Keep the pictures out. Restate the entries below word for word.

GIVEN ENTRIES: Begin

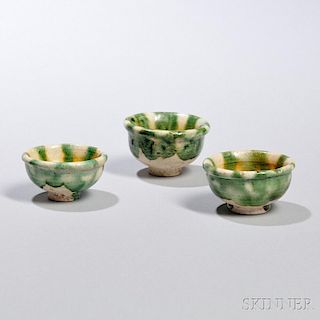 Three Miniature Sancai Cups 内外施竖纹绿釉三彩小杯三只，直径2英寸，中国唐代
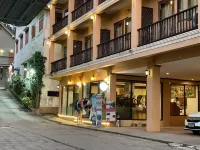 리버사이드 후아이사이 호텔  호텔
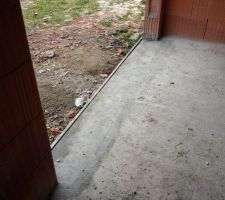 Seuil de porte de garage.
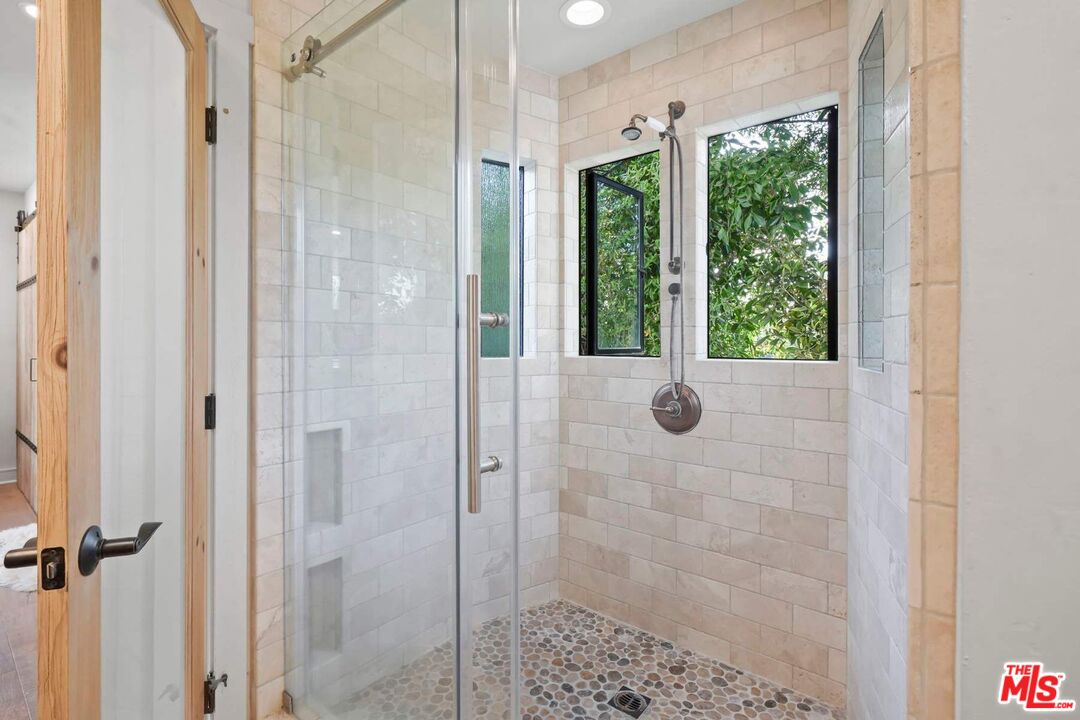 3609 Serra Road Malibu, CA 90265 - Photo 33 of 49 Gallery Image 33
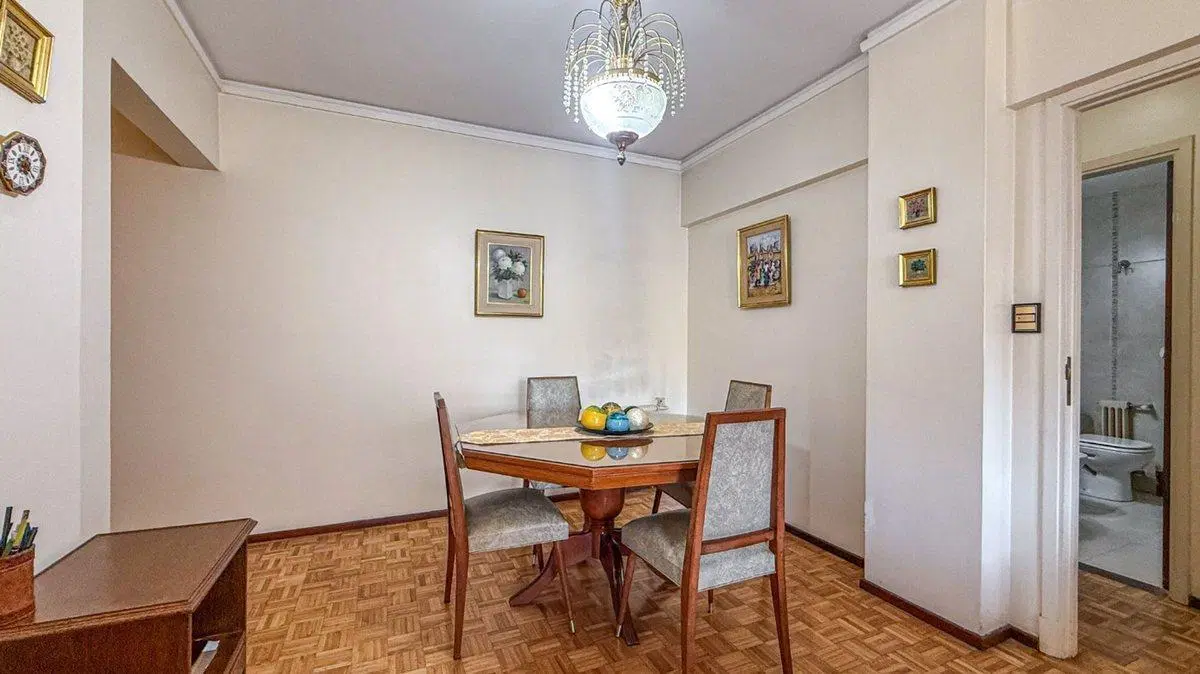 VENTA DEPARTAMENTO 3 AMBIENTES DEPENDENCIA COCHERA 5
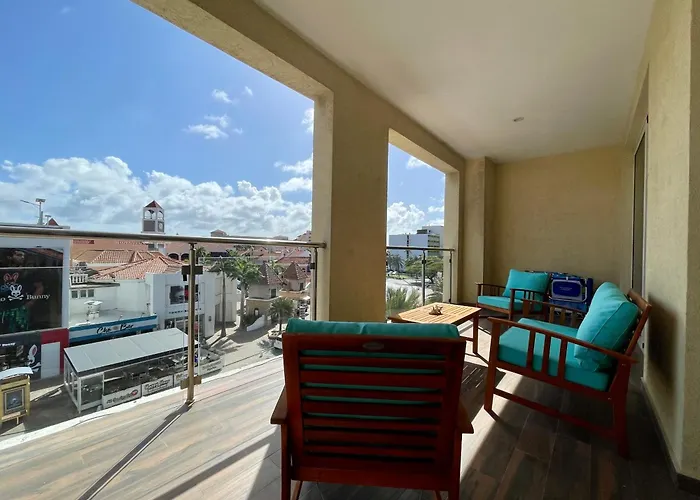 Family Hotel: The Cove - Condo Hotel - Palm Beach Strip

GIVEN ENTRIES: End

◆ **OUTPUT**
 Three Miniature Sancai Cups 内外施竖纹绿釉三彩小杯三只，直径2英寸，中国唐代
 리버사이드 후아이사이 호텔  호텔
 Seuil de porte de garage.
 3609 Serra Road Malibu, CA 90265 - Photo 33 of 49 Gallery Image 33
 VENTA DEPARTAMENTO 3 AMBIENTES DEPENDENCIA COCHERA 5
 Family Hotel: The Cove - Condo Hotel - Palm Beach Strip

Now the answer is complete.